Why the Footsie is soaring
There are three main reasons why the FTSE 100 index is in a strong bull run. First, there seems to be high demand for British companies, which are believed to be severely undervalued compared to their global peers.
BHP, the biggest mining company in the world, announced that it was interested in Anglo American (JO:AGLJ) in a deal valued at over £31 billion. While Anglo American has rejected the offer, analysts believe that it just wants a higher price.
On Friday, Thoma Bravo, an American private equity company, said that it would acquire Darktrace (LON:DARK) in a £5 billion deal. Earlier this month, DS Smith agreed to a £5.8 billion buyout from International Paper, an American rival.
Most analysts believe that more British companies are ripe for acquisitions because of their cheaper valuations. The FTSE 10O has a price-to-earnings ratio of 18, lower than the S&P 500 average of 24.
Second, the index has jumped because of the ongoing earnings season. Some of its key constituents have published strong financial results. On Friday, NatWest’s share price surged after its revenue and profit figures came out stronger than expected.
Other British banks like Barclays (LON:BARC) and Barclays also published strong financial results, which has helped them maintain their bull run. HSBC (LON:HSBA) and Standard Chartered (LON:STAN) will release their results next week.
Third, the FTSE 100 index has jumped because of the general view that the Bank of England (BoE) will start cutting interest rates soon. The general view is that the country’s inflation figures will drop to the BoE’s target of 2.0% soon, leading to cuts.

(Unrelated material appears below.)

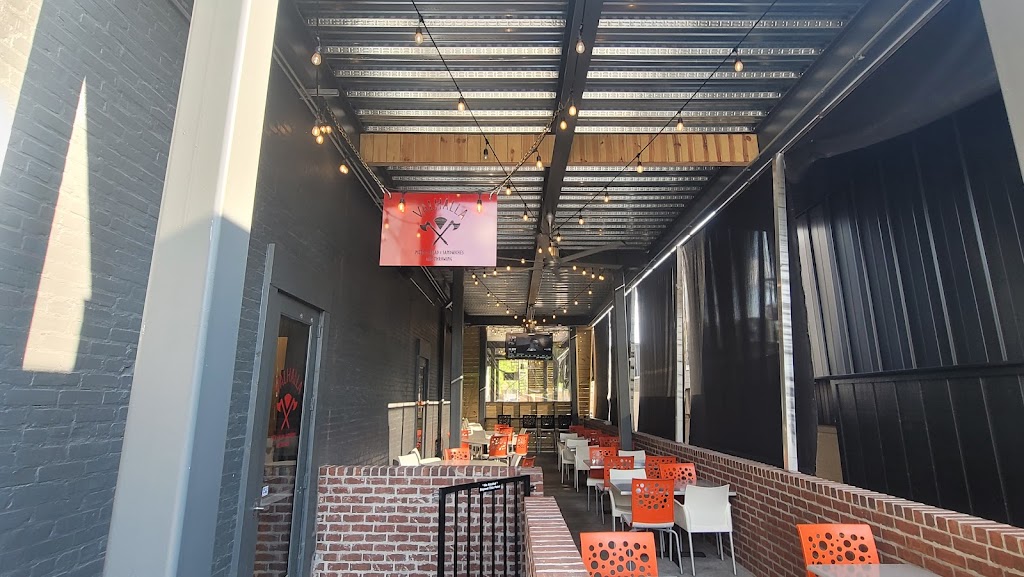 Valhalla :: Kitchen + Bar | restaurant | 226 W South St, Benton, AR 72015, USA | 5013171251 OR +1 501-317-1251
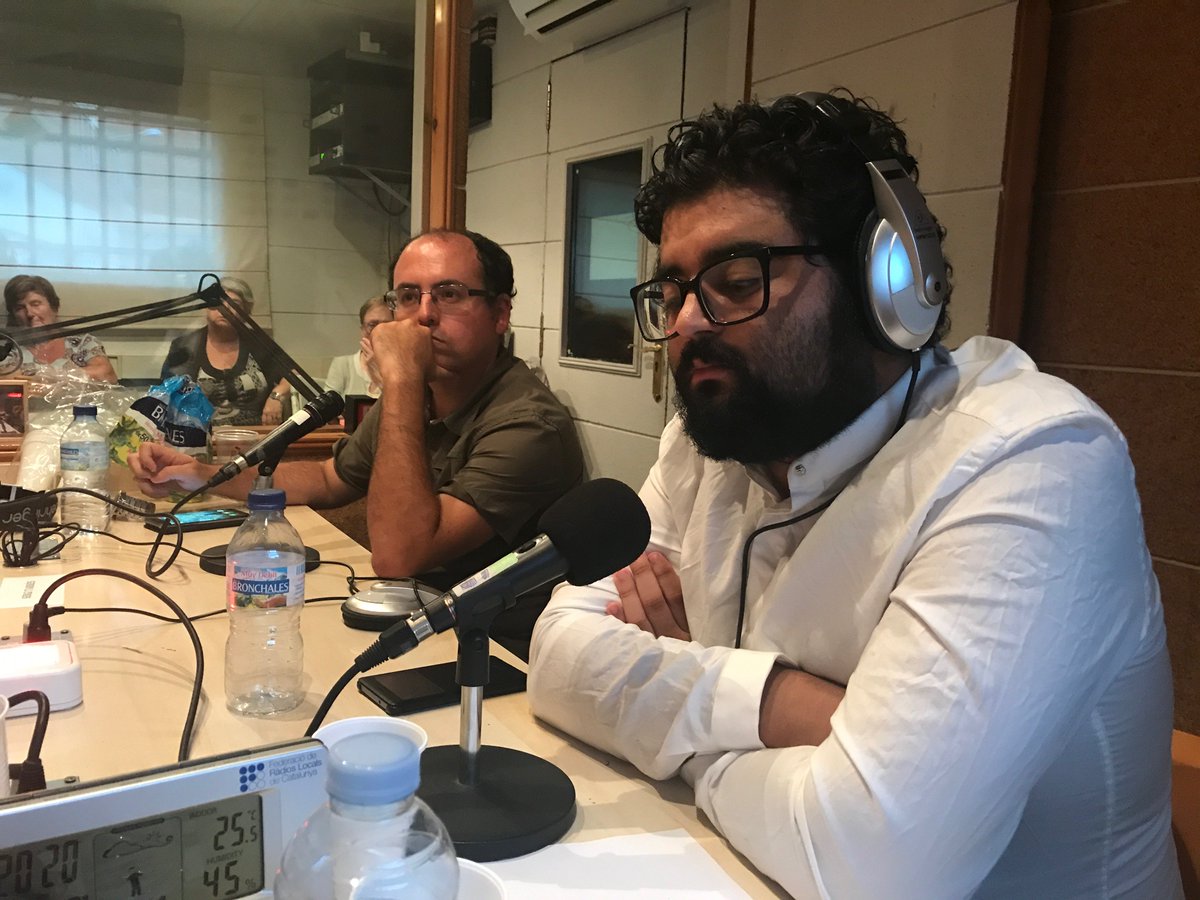 laveudevila's tweet photo. Edició especial per normalitzar la diversitat. Escolta, empatia i convivència. Per dignitat, per necessitat! #programa83 https://t.co/fZH2UZjy6s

That explains why the British pound has continued falling. It has crashed to 1.2500 against the US dollar, down from the year-to-date high of 1.2892. The FTSE 100 index does well when the BoE has embraced a dovish tone.
Further, the FTSE 100 index has soared because of the rising industrial metal prices like copper, iron ore, and silver. This performance is important because the index is made up of the biggest mining companies like Rio Tinto (LON:RIO), Anglo American, Antofagasta (LON:ANTO), and Glencore (LON:GLEN).
FTSE 100 index forecast
FTSE chart by TradingView
The daily chart shows that the FTSE index has been in a strong bull run in the past few months. It has now crossed the crucial resistance point at £8,047, its highest point in February 2023.
The stock has surged above the 50-day and 200-day Exponential Moving Averages (EMA) while the Relative Strength Index (RSI) and the MACD have pointed upwards. There are signs that the stock has formed a cup and handle pattern.
Therefore, the outlook for the index is extremely bullish for now, with the next target to watch being at £4,500.